Utilising previous timeframes
You can make use of higher timeframes to find different levels. Let’s say that you are using a 15-minute time frame. Start by observing a one-hour chart and incorporate what you learn into a shorter period.
Once you start getting the hang of this, you can increase the time frame to four hours, and take your resistance and support levels to another 15-minute chart. Keep in mind that if the levels from higher time frames match with the ones of lower periods, they will provide sturdier resistance support as they would have the same price levels.
Peaks and Troughs
When you open the chart present in your preferred time frame, try and identify the charts highest peak and highlight it as ATH, which stands for All-Time High. After this, look for the chart bottom, and once you find it, mark it as ATL (All-time low).
Mark each trough and peak with a short line, available in your platform chart tools. As far as downtrends go, the lower highs are resistance levels, while higher lows are support levels. Uptrends, however, are entirely different; every higher trough indicates a support level, whereas a consecutive higher peak determines a resistance level.
How to draw Support and Resistance Lines?
Although there are several variables linked with drawing resistance and support lines, here are some things you must keep in mind:
Where should you start drawing these Lines?
Firstly, there aren’t any hard or fast rules regarding how one should draw resistance lines. In most cases, younger levels turn out to be more relevant in comparison to older ones. The reason is that younger ones represent current prices where the market has been facing difficulties in breaking above or below.
In case you are using high time frames, especially weekly ones, start focusing on the previous twelve months of data to help you determine your potential swing lows and swing highs.

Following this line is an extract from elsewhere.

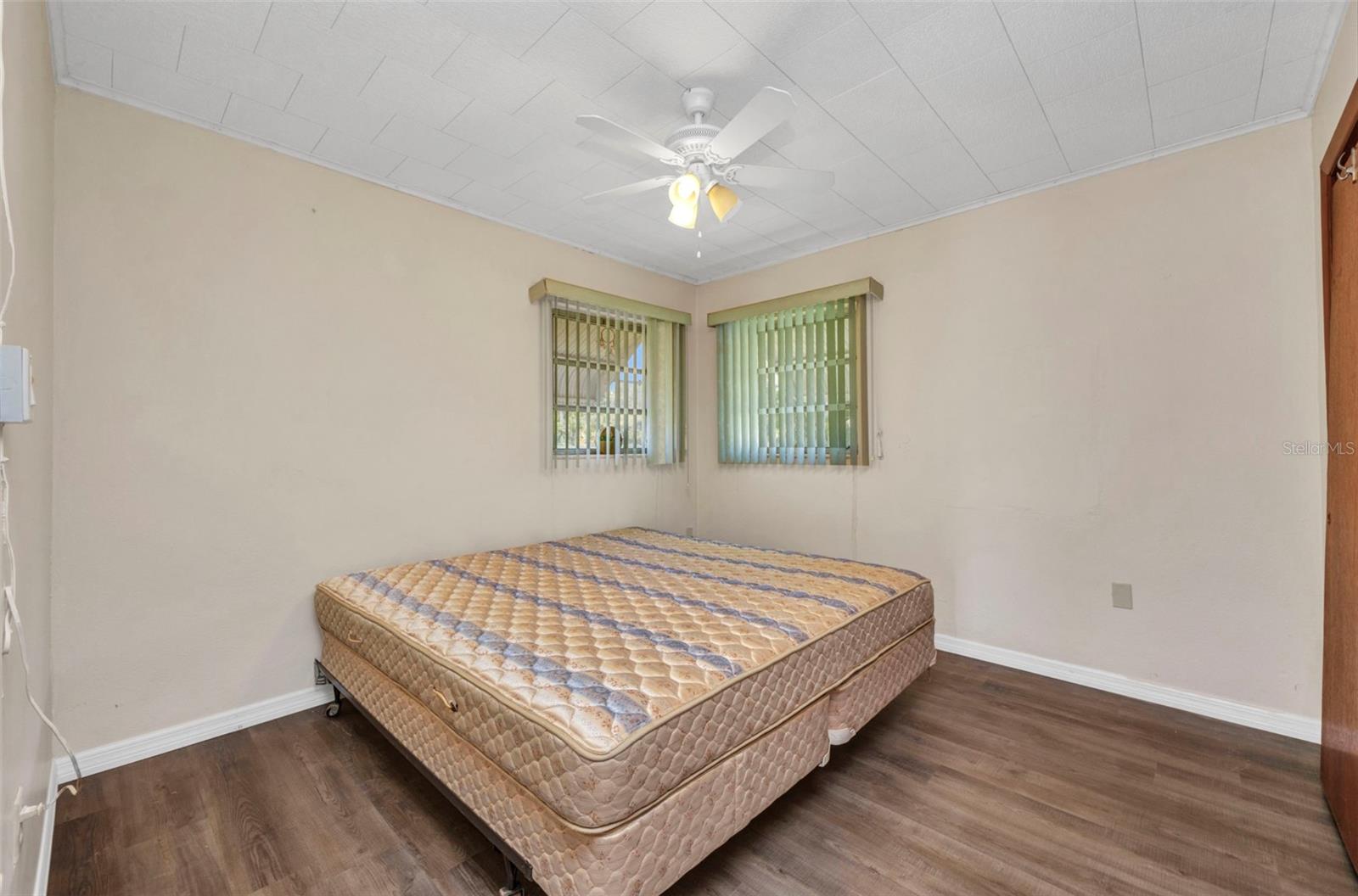 Image 15 of 35 For 426 Burland Street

Drawing Support and Resistance Lines in short periods
It does not matter when you plan to draw resistance and support lines; what’s more important is that you follow the same principles for every timeframe. Bear in mind, however, that these levels on high timeframes are significantly more successful than fifteen minutes or other small periods.
Drawing Resistance and Support Lines on Candlestick Charts
Most traders agree that these charts offer you an excellent option to study support and resistance levels. A candlestick’s body represents the closing and opening prices along with lower wick and upper wick, representing lows and highs in trading sessions. Traders can utilise the candles to draw resistance and support lines on a specific chart.

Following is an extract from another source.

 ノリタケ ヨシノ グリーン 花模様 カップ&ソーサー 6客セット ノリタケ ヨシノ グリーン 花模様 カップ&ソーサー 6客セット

How to Trade with Support and Resistance?
Forex traders often notice that prices tend to break out soon after an uncertain period, especially when there is no specific price direction. You can search for opportunities like these to potentially capitalise on the rapidly increasing momentum. Experts also predict that a continuation could give dawn to a new trend.
However, you should avoid falling into the trading trap of false breakouts. You can do this by waiting for pullbacks before making any commitment.
The Trendline Strategy
In this strategy, you take advantage of the trendline as resistance or support. (A trendline cannot act as both). In this method, you create a line that connects multiple downtrend highs or uptrend lows. If the trend is strong enough, the price will keep on moving in the trend’s direction by deflecting from the trendline.
Range trading occurs in between resistance and support, as traders look to sell at resistance and buy at support. Imagine the area in between Resistance and Support as a large room with the former being the ceiling and the latter being the floor. You will notice that price ranges appear sideways in most trading markets. They often start forming when there are no indications or expectations for a trend.